Both the line containing "Thus, we find" and the line containing "Now that we've" belong to the span. Output exactly that span from the listing below, and nothing outside it.

● **Records for this task**

····················

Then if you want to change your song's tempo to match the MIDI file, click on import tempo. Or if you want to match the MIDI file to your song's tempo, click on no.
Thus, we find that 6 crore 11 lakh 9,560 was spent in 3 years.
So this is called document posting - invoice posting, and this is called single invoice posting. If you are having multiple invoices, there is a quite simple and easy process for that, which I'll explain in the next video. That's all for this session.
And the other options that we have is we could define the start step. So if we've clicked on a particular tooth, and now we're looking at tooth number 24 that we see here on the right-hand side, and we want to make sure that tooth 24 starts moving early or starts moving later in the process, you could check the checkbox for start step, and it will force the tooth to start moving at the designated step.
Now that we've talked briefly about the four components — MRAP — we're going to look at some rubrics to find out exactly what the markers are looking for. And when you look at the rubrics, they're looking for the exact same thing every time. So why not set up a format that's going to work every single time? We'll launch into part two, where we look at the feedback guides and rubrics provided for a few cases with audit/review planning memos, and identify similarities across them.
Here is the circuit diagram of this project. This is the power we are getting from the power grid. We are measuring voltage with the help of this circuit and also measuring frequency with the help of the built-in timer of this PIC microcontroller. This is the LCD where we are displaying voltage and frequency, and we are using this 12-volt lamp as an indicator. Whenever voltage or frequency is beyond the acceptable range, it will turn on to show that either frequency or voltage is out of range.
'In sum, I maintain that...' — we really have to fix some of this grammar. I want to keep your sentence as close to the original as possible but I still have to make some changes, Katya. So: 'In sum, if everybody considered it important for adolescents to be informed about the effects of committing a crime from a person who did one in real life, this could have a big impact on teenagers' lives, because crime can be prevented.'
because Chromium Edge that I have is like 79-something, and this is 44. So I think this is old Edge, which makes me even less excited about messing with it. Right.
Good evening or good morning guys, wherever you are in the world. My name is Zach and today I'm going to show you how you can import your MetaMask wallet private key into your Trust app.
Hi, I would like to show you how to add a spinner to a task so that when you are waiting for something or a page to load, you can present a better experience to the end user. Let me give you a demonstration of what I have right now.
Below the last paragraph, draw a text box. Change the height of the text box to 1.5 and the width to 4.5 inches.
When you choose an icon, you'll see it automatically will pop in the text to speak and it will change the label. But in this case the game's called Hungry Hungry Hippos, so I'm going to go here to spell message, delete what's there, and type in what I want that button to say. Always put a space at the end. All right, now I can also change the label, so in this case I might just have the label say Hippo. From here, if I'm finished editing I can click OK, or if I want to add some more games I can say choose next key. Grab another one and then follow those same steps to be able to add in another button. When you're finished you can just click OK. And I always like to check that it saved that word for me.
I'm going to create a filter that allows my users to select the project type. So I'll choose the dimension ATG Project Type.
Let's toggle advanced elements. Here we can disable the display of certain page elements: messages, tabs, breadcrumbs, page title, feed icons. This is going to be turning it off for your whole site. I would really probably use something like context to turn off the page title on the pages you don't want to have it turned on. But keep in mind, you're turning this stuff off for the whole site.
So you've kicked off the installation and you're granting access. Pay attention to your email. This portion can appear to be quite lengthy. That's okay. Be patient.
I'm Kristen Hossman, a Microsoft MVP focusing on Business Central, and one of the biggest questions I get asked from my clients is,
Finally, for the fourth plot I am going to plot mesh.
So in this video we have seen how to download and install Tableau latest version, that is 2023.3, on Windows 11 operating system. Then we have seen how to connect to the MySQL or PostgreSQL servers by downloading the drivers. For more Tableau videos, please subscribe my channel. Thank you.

····················

● **Task solution**
Thus, we find that 6 crore 11 lakh 9,560 was spent in 3 years.
So this is called document posting - invoice posting, and this is called single invoice posting. If you are having multiple invoices, there is a quite simple and easy process for that, which I'll explain in the next video. That's all for this session.
And the other options that we have is we could define the start step. So if we've clicked on a particular tooth, and now we're looking at tooth number 24 that we see here on the right-hand side, and we want to make sure that tooth 24 starts moving early or starts moving later in the process, you could check the checkbox for start step, and it will force the tooth to start moving at the designated step.
Now that we've talked briefly about the four components — MRAP — we're going to look at some rubrics to find out exactly what the markers are looking for. And when you look at the rubrics, they're looking for the exact same thing every time. So why not set up a format that's going to work every single time? We'll launch into part two, where we look at the feedback guides and rubrics provided for a few cases with audit/review planning memos, and identify similarities across them.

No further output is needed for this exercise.